Public interest first started when the quints' father, Oliva, had his brother contact the local newspaper to ask how much a birth announcement would cost for five babies.  The Dionne's started receiving offers of help from all over North America; one hospital sent them two incubators.  Bit by bit, the babies started to grow stronger. 

However, Premier Mitchell Hepburn got in on the act and had the babies taken away as wards of the King, claiming that the Dionne's were incapable of raising them.  The original plan was to get the quints into their toddler years.  However, the wardship was later extended until they turned 18.  A 20-room mansion, the Dafoe Hospital and Nursery, funded by a Red Cross fundraiser, was built across the road from the Corbeil farmhouse.  The mansion contained 9 rooms and was staffed by 3 nurses and 3 policemen.  Each day, the girls followed a rigid routine which started with a dose of orange juice and cod liver oil followed by someone curling their hair, followed by tutoring and ending with a bath and dinner.  Sometimes the girls had engagements to honour like photo sessions.  Images of their cherub-like faces framed in dark curls were used to sell products like Karo Coprn Syrup and Quaker Oats.

The mansion, known as "Quintland", attracted 6,000 visitors per day.  Not only Canadians came to the observation gallery but also Americans, including famous personalities like Clark Gable, Bette Davis and Amerlia Earhart, the latter just six weeks before her doomed flight.  The girls even met the Queen of England at one point.  Oliva Dionne opened a souvenir shop there where he sold autographs, photographs of the quints, spoons, cups, dolls and even "fertility stones" from his farm.  Three million visitors passed through Quintland in the years 1934 to 1943.  Only Radio City, Mount Vernon and Gettysburg surpassed it in terms of tourists.  The Quints raised a revenue of 1 million dollars in 1934 alone and 40 million dollars in the 9 years they lived at Quintland. 

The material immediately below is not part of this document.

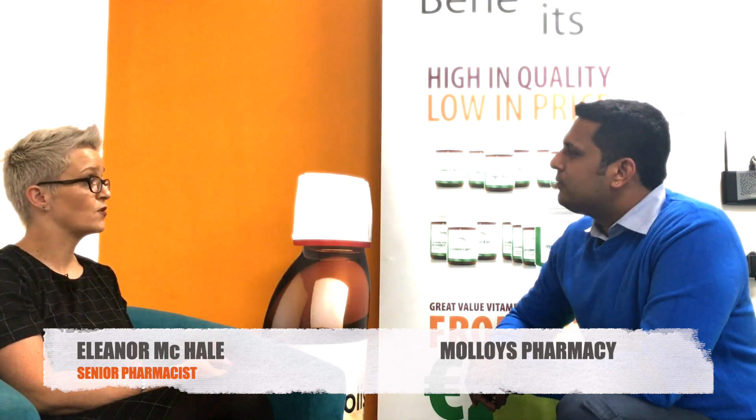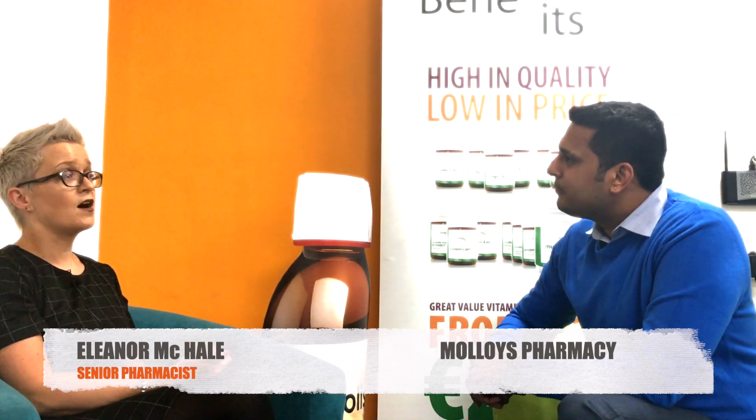You're busy all the time. So today we're going to speak about polypharmacy. I'm a supervising pharmacist in the Loyas Pharmacy in Garden Street. I have extensive experience in both the community, hospital and also residential care homes, which has a lot to do with polypharmacy.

In 1943, the Dionne's regained custody of their girls and Oliva had a 20-room house built for his entire family which became known as "The Big House".  Sadly, though, the girls were already 9 1/2 years old by this point and much of their childhood had been lost.  It was hard to become part of a family that they had had so little contact with.  Apparently, their father begrudged them the trouble they had caused him over the years, but, at the same time, it was the money they had generated which had paid for their new home. 

Although all of the quints reached adulthood, Emilie died of an epileptic fit at age 20.  Marie died of a blood clot at age 35.  The remaining three sisters lived until middle age.  Yvonne died of cancer in 2001.  The other two are still alive and celebrate their 78th birthday today.  No one will ever forget the five cherub-faced girls who captured the hearts of 1930's era Canadians.